The National Art Museum of Catalonia keeps the two side apses from Sant Quirze de Pedret and the Museu Diocesà i Comarcal in Solsona keeps the decoration of the central apse. Taken together they present an important apocalyptic series in which the subject of the Church is related to the coming of the Day of Judgement in a way that is not frequent, centering on the parable of the wise and foolish Virgins in the southern apsidiole.

==Description==
The apse's dimensions are 325 x 315 x 320 cm, and it contains several images although the most prominent one is a fragmentary image of the Wise and Foolish Virgins parable found in Matthew 25:1-13. Three of the five Wise Virgins' heads have been removed due to historic construction on the church building; however, all figures seem to be wearing similar embroidered dalmatics and tunics with close-fitting sleeves that are worn below the open-fitted sleeves of the dalmatics. The Virgins are crowned with bridal crowns resting on caps and are seen wearing spiral earrings. The crowns resemble those found in Rome during the sixth century. Originally, all five Wise Virgins were depicted seated at the marriage supper with burning cressets in their left hands. The Bridegroom figure (Christ) is all but gone however his hand can be seen extending over the table. On the other side of the scene are the five Foolish Virgins. The Foolish Virgins are not clothed in the intricate dalmatics as the Wise Virgins, and they do not wear crowns. Instead, they don coifs that are arranged in folds over their hair. Also unlike the Wise Virgins, the five Foolish Virgins hold their cressets inverted with oil vessels hanging from them. Beneath the virgins is a pattern described as “medallions of beasts.” A young figure is also pictured sitting upon a church with the head encircled by a nimbus (halo). There is a discrepancy as to whether the figure is male or female, and to the object that is held in the figure’s hand. Suggestions have been wand, lily or palm. What can be agreed upon is that this image is a personification of the church. Trace figures of the Archangel Gabriel and the Virgin Mary were once reported, but have since faded entirely although the inscription SCA (Sancta) MARIA was recorded. An image of the Theotokos holding the infant Jesus was also present but was covered with mortar during repairs.

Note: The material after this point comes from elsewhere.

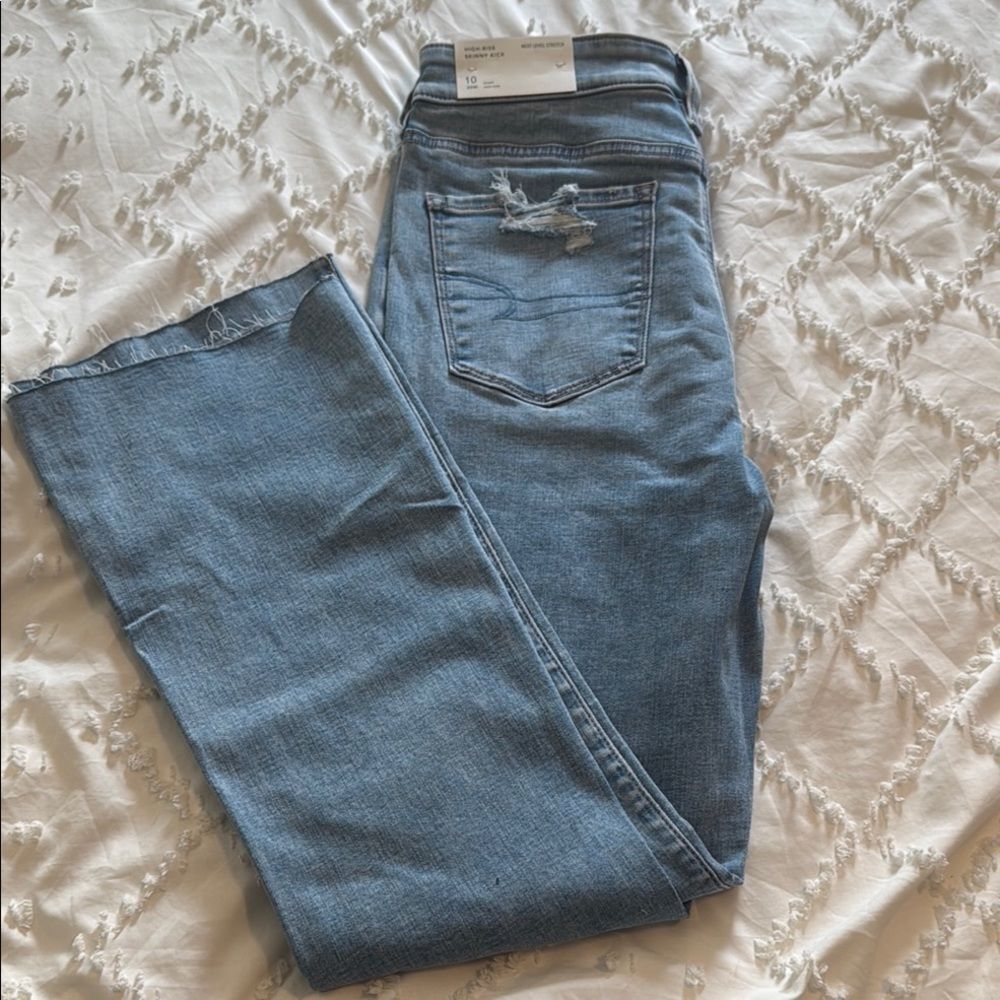 American Eagle ~ High-Rise Skinny Kick ~ Stretchy ~ Size 10 short NWT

There is a fret pattern below the illustrated figures along with simulated drapery present. The apse's window is also decorated with a geometric pattern.

==Composition==
The composition of this painting is fresco transferred to canvas and the artwork is attributed to the Circle of the Master of Pedret.

==Analysis==
These frescoes are attributed to have created by Circle of the Master Pedret and are said to be examples of the early Catalan school. Stylistically their frescoes are linked to similar Italian artwork and show signs of early Byzantine iconography as well as illusionism. The parable of the Wise and Foolish Virgins found in Pedret is related to earlier religious illustrations such as Coemiterious Maius and the Rossano Gospels. In the parable, those who are wise and have kept their torches lit are received by the Bridegroom, whereas those who are foolish and who have let their torches become extinguished have been excluded from Paradise. This is in reference to Judgment Day where only those who are prepared will be able to enter the Lord's house. This particular parable seems to have become extremely popular around the eleventh century. Personification of the Church appears to be influenced by Mozarabic liturgy, whereas reference to the ten virgins is found in other liturgies.